PROBLEM
Repeat the data below in full and exactly.
:: DATA FOR REVIEW ::
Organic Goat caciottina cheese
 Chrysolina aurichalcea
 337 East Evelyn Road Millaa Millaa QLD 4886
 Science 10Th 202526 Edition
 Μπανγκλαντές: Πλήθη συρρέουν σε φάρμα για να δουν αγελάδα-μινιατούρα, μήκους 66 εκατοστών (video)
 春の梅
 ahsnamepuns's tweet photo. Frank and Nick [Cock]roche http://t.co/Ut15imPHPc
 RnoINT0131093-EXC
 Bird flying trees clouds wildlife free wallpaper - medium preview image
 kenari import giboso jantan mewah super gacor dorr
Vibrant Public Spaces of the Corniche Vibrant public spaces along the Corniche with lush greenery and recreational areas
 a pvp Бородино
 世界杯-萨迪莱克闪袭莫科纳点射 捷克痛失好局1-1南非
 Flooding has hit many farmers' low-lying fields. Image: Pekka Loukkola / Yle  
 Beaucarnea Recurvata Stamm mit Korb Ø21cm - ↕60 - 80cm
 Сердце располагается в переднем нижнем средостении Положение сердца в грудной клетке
:::
EXPECTED ANSWER
Organic Goat caciottina cheese
 Chrysolina aurichalcea
 337 East Evelyn Road Millaa Millaa QLD 4886
 Science 10Th 202526 Edition
 Μπανγκλαντές: Πλήθη συρρέουν σε φάρμα για να δουν αγελάδα-μινιατούρα, μήκους 66 εκατοστών (video)
 春の梅
 ahsnamepuns's tweet photo. Frank and Nick [Cock]roche http://t.co/Ut15imPHPc
 RnoINT0131093-EXC
 Bird flying trees clouds wildlife free wallpaper - medium preview image
 kenari import giboso jantan mewah super gacor dorr
Vibrant Public Spaces of the Corniche Vibrant public spaces along the Corniche with lush greenery and recreational areas
 a pvp Бородино
 世界杯-萨迪莱克闪袭莫科纳点射 捷克痛失好局1-1南非
 Flooding has hit many farmers' low-lying fields. Image: Pekka Loukkola / Yle  
 Beaucarnea Recurvata Stamm mit Korb Ø21cm - ↕60 - 80cm
 Сердце располагается в переднем нижнем средостении Положение сердца в грудной клетке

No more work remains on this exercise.